まず人件費削減で300億円。これは、2021年度に向けて多くの社員が定年を迎えるための自然減によるもので、リストラ費用などはほぼかからない。次に、間接業務削減、拠点集約などでの効率化が300億円となっているが、これも拠点閉鎖などを伴う施策ではないため費用はわずかだという。最後に、構造的赤字事業への対策が400億円になる。津賀氏は「既に具体的な施策を固めており、後は着実に実行するだけ」と説明する。効果としては500億円を見込むものの、費用として約100億円を想定しており、その結果としての数字が400億円だ。
また固定費削減以外にも打ち手が必要だ。「営業利益率が5%に届かない」(津賀氏)低収益事業は、2021年度までに方向性を決定する。また、競争力維持が困難な事業についても、他社との協業などを含めた大胆な資本政策を含めて方向性を検討する。2019年11月21日に発表した液晶パネル工場の生産終了も、競争力維持が困難と判断した結果の施策になる。また、大胆な資本政策と連動する形で、パナソニックブランドの活用に関する制限を緩和し自由度を高めた。津賀氏は「従来は50%以上の出資が必要などの条件があったが、それを取り払った」と述べる。
津賀氏「全ての領域でIoTが重要なキーワードになる」
今回の中期戦略では、ある意味で聖域だった家電や住設などの既存事業を含めて、抜本的な見直しが図られている。津賀氏は「全ての領域でIoTが重要なキーワードになる」と述べ、これまでユーザーが一方的に利用するだけでそこからのフィードバックがなかった“モノ”が、IoTによって見える化されてフィードバックが得られ、より最適に制御する流れを生み出せるとした。

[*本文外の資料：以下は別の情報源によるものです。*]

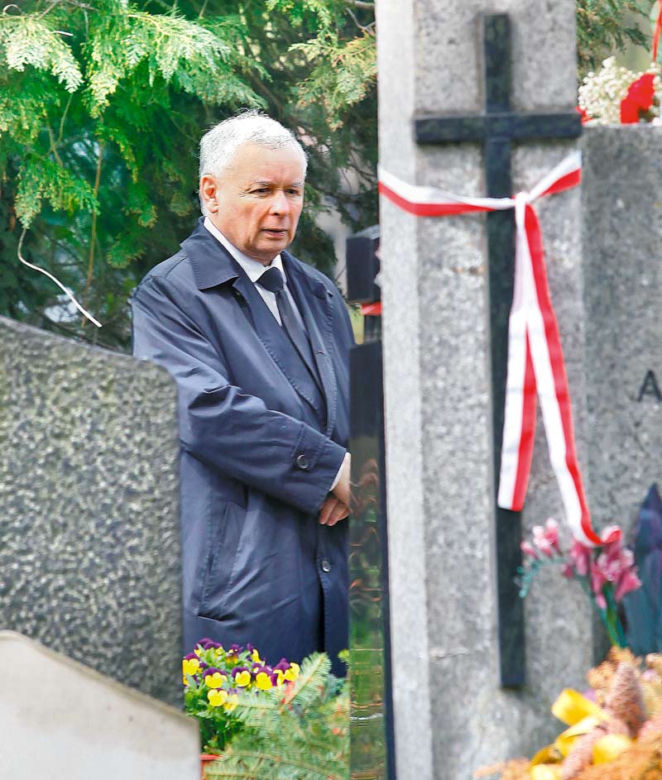 Wielka majówka polityków 2013: Kaczyński na cmentarzu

また、テスラ(Tesla)とのリチウムイオン電池製造の協業については、「米国の工場であるギガファクトリーの生産目標である年産容量35GWhの早期実現に最も注力している。そして、その中身を改善してさらなる高容量化を進めていく。なお、中国におけるテスラ向け電池の生産拠点は作らないし、その計画もない」(同氏)としている。